Politicians worldwide are increasingly alarmed by the political and economic upheaval food shortages might bring. There are new elements in the global food equation today, like the loss of cropland to biofuels production. But haven't we been here before?
When I was a small girl my father, King Hussein of Jordan, related a story about the last global food crisis and a famous promise made to the world's hungry by Henry Kissinger, then U.S. secretary of state. Kissinger came to Amman after attending the World Food Conference in Rome in 1974, called hastily as global food prices skyrocketed and widespread hunger threatened to engulf the developing world.
Kissinger related how he boldly had pledged that within a decade no child would go to bed hungry anywhere in the world. You have to give him credit for being ambitious and inspired, but sadly, more than three decades later there are more hungry children than there are Americans. Surely that number grows now with each passing week as once relatively well fed families in Cameroon, Indonesia and Egypt struggle to cope with the rising cost of a decent meal.

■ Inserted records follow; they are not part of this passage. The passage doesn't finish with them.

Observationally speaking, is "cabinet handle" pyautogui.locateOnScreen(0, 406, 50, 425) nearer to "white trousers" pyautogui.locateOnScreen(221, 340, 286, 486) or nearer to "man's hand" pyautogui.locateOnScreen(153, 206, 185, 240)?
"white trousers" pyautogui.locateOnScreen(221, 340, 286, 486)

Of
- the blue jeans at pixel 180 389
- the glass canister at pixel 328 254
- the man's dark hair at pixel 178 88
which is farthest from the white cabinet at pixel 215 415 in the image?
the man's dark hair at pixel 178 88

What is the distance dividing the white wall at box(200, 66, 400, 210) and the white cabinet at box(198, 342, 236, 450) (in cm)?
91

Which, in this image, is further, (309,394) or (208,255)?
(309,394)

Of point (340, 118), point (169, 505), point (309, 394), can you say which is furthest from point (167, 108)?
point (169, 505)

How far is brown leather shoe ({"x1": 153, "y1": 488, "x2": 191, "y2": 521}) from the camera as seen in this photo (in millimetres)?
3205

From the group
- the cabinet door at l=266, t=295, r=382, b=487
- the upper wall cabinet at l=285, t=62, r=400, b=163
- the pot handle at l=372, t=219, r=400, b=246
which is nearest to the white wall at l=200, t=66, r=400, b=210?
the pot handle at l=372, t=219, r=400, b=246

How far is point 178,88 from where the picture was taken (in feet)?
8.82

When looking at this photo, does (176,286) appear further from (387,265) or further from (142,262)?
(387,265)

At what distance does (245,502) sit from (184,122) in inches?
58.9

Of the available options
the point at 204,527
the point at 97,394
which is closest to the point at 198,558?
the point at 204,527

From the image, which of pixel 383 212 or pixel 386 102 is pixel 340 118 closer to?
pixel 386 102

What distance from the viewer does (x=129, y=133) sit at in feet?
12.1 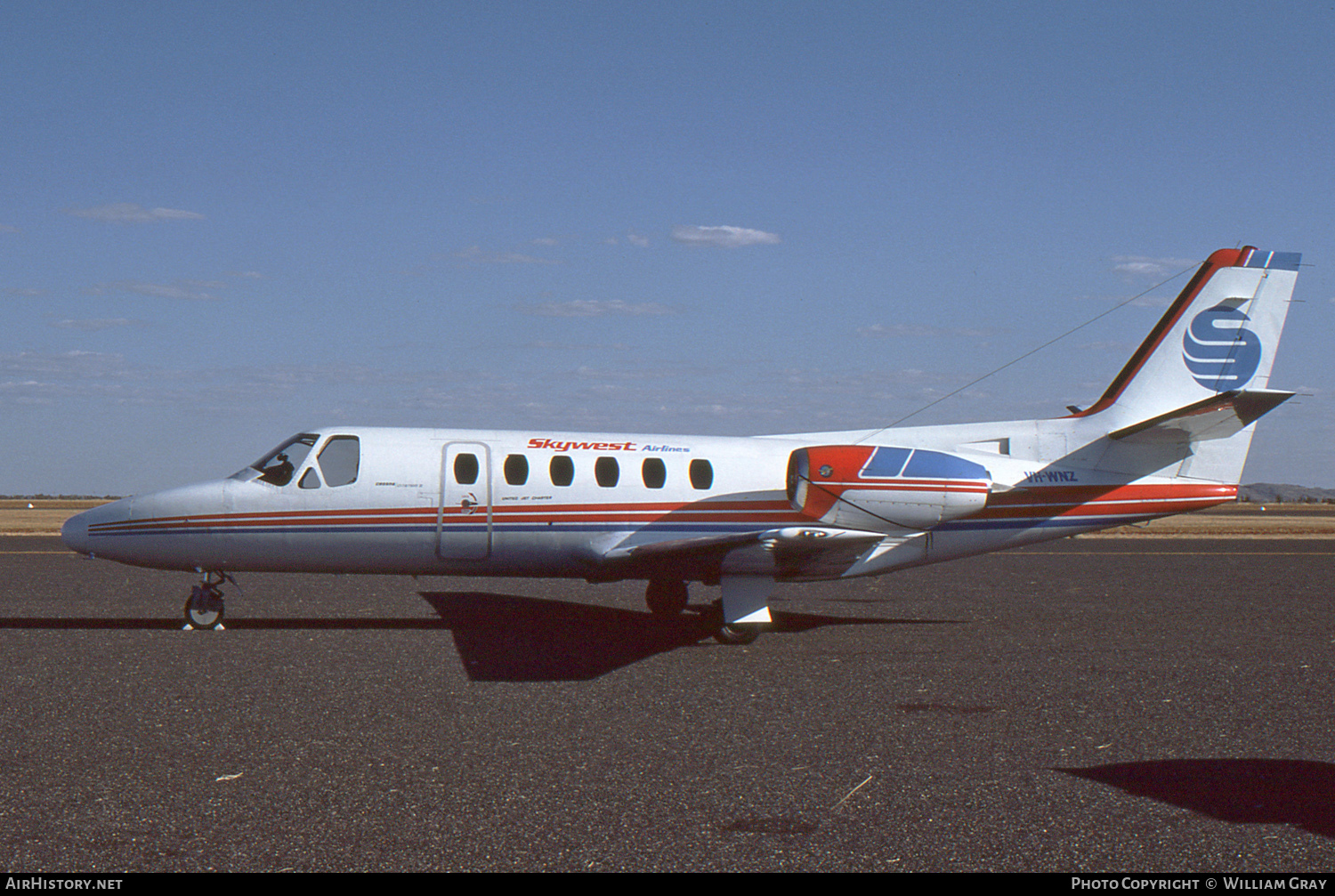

Back in the 1970s, global market conditions eventually improved, thanks in part to the dramatic impact of the Green Revolution in south Asia. But the development banks, aid agencies and donors soon forgot the lesson of the crisis, cutting the percentage of aid they devoted to agriculture in half despite repeated warnings by the Food and Agriculture Organization. Developing country governments did no better and failed to invest enough in agriculture. They all kept looking the other way when the number of hungry started to grow again in the mid 1990s, despite major reductions in poverty in a relatively robust world economy.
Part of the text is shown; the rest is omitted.